SOURCE MATERIAL:
- - - - - - -
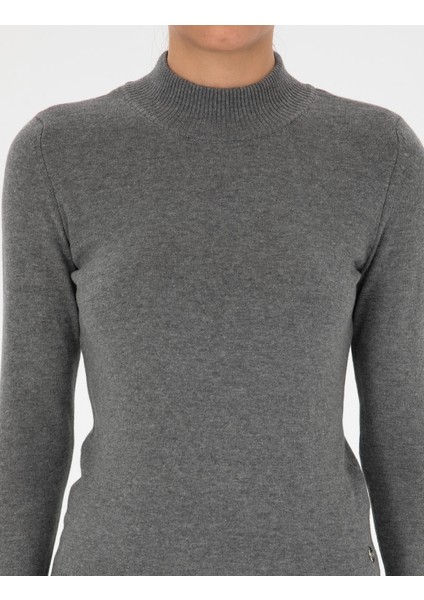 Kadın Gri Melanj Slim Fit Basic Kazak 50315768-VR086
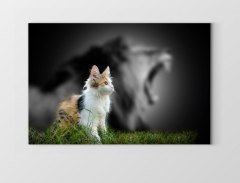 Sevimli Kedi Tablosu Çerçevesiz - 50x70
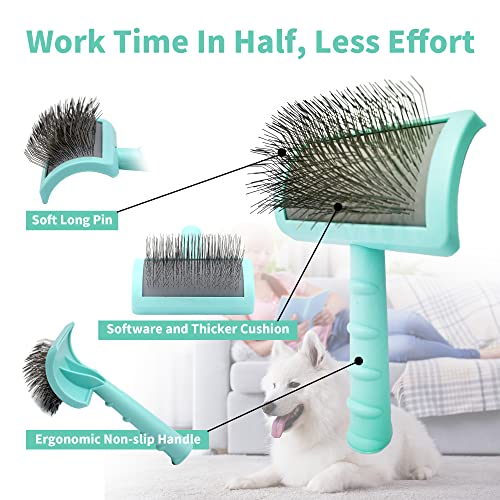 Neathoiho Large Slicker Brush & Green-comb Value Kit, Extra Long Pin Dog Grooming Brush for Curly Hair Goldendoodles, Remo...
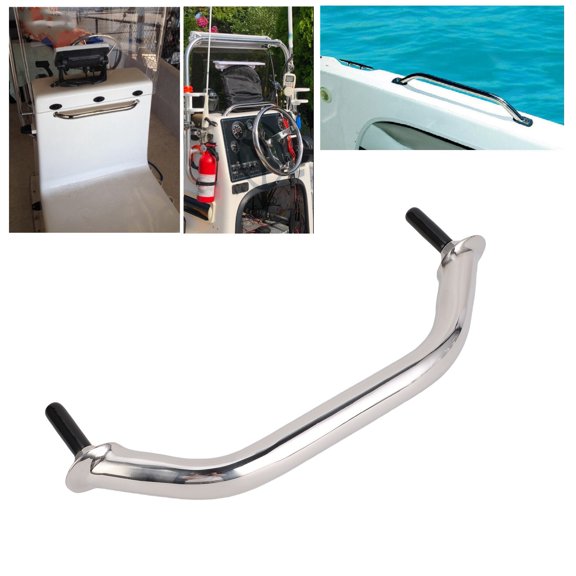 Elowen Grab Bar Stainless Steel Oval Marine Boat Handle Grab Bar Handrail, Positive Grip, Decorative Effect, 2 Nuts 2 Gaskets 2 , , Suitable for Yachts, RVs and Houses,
- - - - - - -
ACTIVITY: The lines to repeat run from the line containing "Sevimli Kedi Tablosu Çerçevesiz - 50x70" through the last line of the material above; give them exactly, without the pictures.

TASK RESULT:
 Sevimli Kedi Tablosu Çerçevesiz - 50x70
 Neathoiho Large Slicker Brush & Green-comb Value Kit, Extra Long Pin Dog Grooming Brush for Curly Hair Goldendoodles, Remo...
 Elowen Grab Bar Stainless Steel Oval Marine Boat Handle Grab Bar Handrail, Positive Grip, Decorative Effect, 2 Nuts 2 Gaskets 2 , , Suitable for Yachts, RVs and Houses,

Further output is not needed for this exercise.